I am currently studying the quantitative methods section and can’t seem to understand whether a linear trend model has to be covariance stationary, even if the DW test shows a result of 2 (fail reject the null hypothesis of no serial correlation).
In other words, if the times series x(t) = b0 + b1.t shows an upward-sloping line without showing serial correlation, is it OK to use, or do we still need to make it AR(1)?
DW test is a test for serial correlation in the regression residuals, which would violate one of the regression assumptions (that the residuals are independent).
Stationarity of the regressors is a different, but very important property. Basically, one of the assumptions of linear regression is that the model you’re estimating is linear, with residuals independent, identically distributed normal random variables with mean 0 and constant variance. Note that (most of the time) its impossible for a linear combination of nonstationary things to be stationary so having your regressors be nonstationary would imply that your residuals couldn’t possibly satisfy the above, and therefore the model can’t be linear. So this is a modeling error that’s distinct from serial correlation.

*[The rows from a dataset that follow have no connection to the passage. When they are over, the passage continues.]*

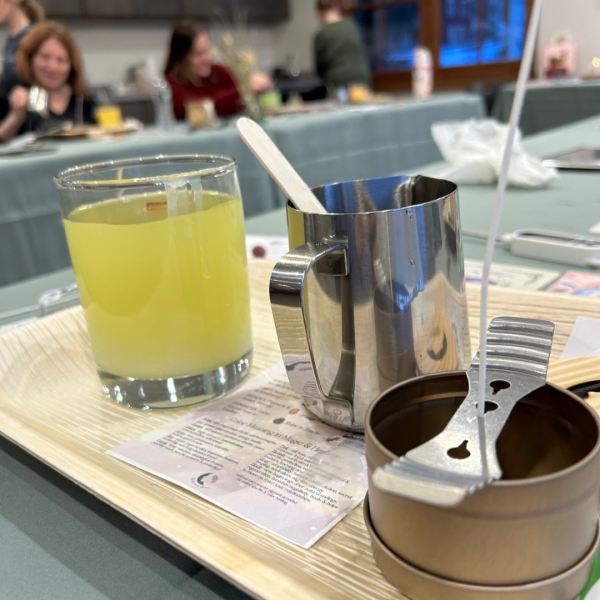 Candle Making and Healing Crystals- March - Image 4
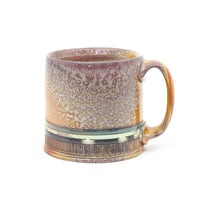 Flat bottom mug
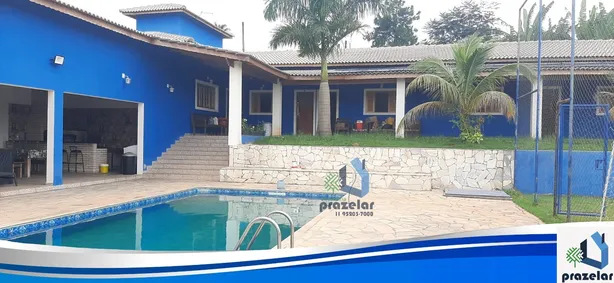 Fazenda/Sítio com 4 Quartos à venda, 1000m² no Dona Catarina, Mairinque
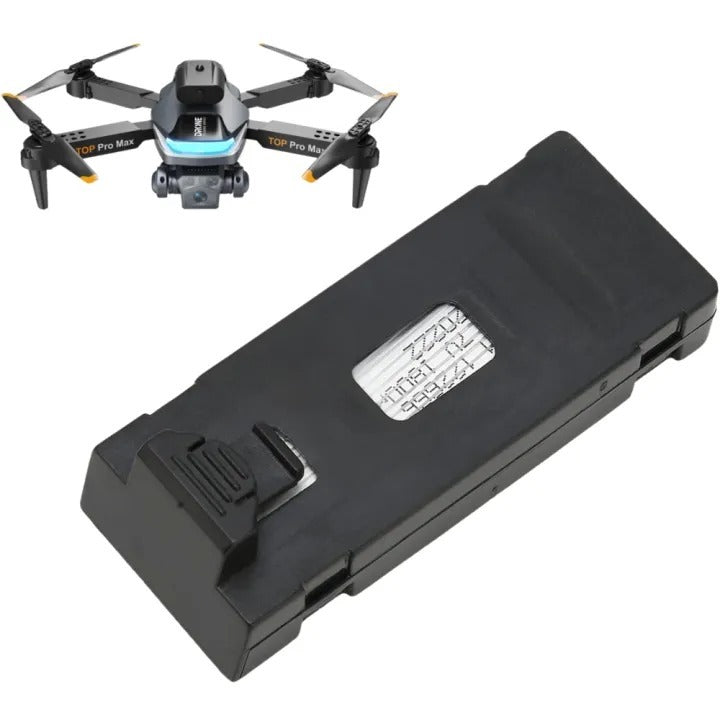 🔋 Rechargeable Drone Battery – Compatible with E99, K11 & P23 Pro Drones! 🚁⚡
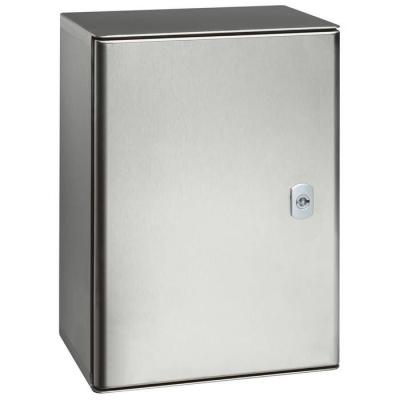  COFFRET INOX 600X400X250 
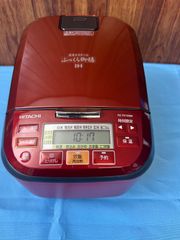 HITACHI IH炊飯器 RZ-TS104M 1.0L 赤 - メルカリ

Now notice I said “most of the time” above. I can’t remember if this is covered in Level 2 or not, but there’s the notion of nonstationary time series being cointegrated. Being cointegrated basically means that there is a linear combination that IS actually stationary and so regression is still valid. So to test the validity of the model, you’d start by testing the variables for being stationary and if they fail then test cointegration. If that fails too, then you need to change your model (people commonly do so by taking differences).
To this exact question, a linear trend model is definitely not stationary. Easiest way to see that is that stationary processes need to have a mean that is constant in time, which would not be the case with your process.
Usually, however, when a process has a trend, people talk about “stationary with trend” which means if you detrend the series, what’s left is stationary. In that case, assuming the only other terms in your series are normally distributed epsilons, then your series would be stationary with trend. Series that are stationary with trend are fine to use in regression.